Could you elaborate on this a little bit? If you’re talking about looking at the profiles of other players, I admit that I’ve had poor luck with this approach, as most of the profiles I try are private.

5 Likes

One thought. The problem may be that the ranked system focuses too much on wins and not enough on what happens in the match. For example it treats an 0-3 blowout exactly the same as a tie match where you barely loose in overtime. I think a lot of players would be a lot less sour about getting losses if they knew they were still getting some credit for what they did during the match. Looking at what happens in game would also help the ranked system to converge on more accurate ranks faster because it is making use of more information and it would somewhat decrease the impact that being placed on a “loosing team” has on your rank.

3 Likes

Great post, add this to the list of things to provide next time someone says there’s no proof or “where your evidence?”

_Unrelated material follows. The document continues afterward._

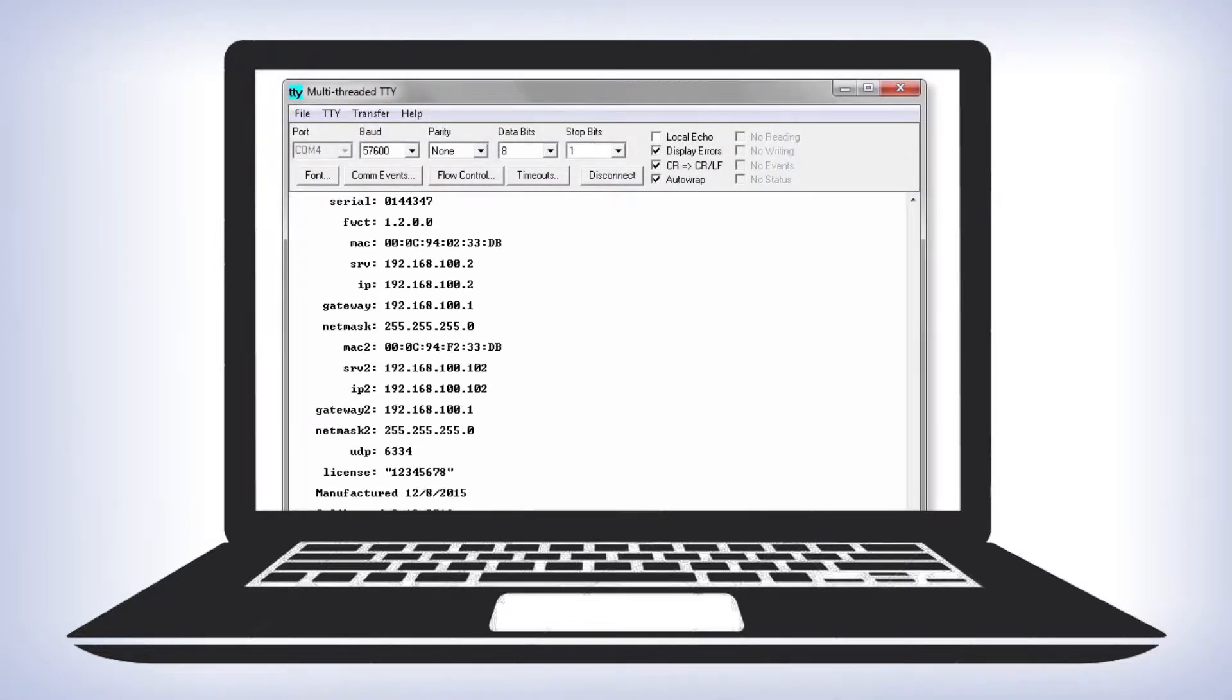Just bring up MTTY, which is a utility that was installed along with our software. MTTY is pre-configured for the correct communication parameters.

Not that we need this post to prove the matchmaker is bad since that proof is there through countless thousands of eye witness accounts, but this is a really great post to have.

2 Likes

They told its based on winrate meaning you gain points when you win, you lose points when you lose, no matter the stats within a game. Iirc they mentionned the gain/loss quantity of points depends on the MMR of your opponents. I guess they can’t give you exact calculation as the points you’d earn/lose after each match could be different.

Iirc devs told the matchmaker uses a “predictability” value. And it makes sense actually. If you win, your MMR would increase and there’s a question coming to matchmaker mind : are you under your “real” MMR or not ? So probably the more you win, the stronger opponents you’ll face with an multiplicative increase.
That helps to put people close to their “true” MMR quick enough.

Devs told on Eskay stream that there’s also a “uncertaintity” value attached to MMR. For what I get, it grows when people don’t play for a long time (so probably bound to MMR decay).

The problem is that we dont know when “predictability” and “uncertaintity” kicks in and how hard do they kick.

As MMR is hidden, I’m not sure how people can say that “MMR reflects performance”.
It merges with people telling their ranks in a game : its pointless as Skill Rating and MMR are 2 different numbers and MMR is hidden. Rank displayed isn’t and should stop being taken as a reflection of MMR / matchmaking.
Devs tell Season 4 will fix that by making SR and MMR getting much closer to each other so we can be surprised by some SR jumps/drops in S4.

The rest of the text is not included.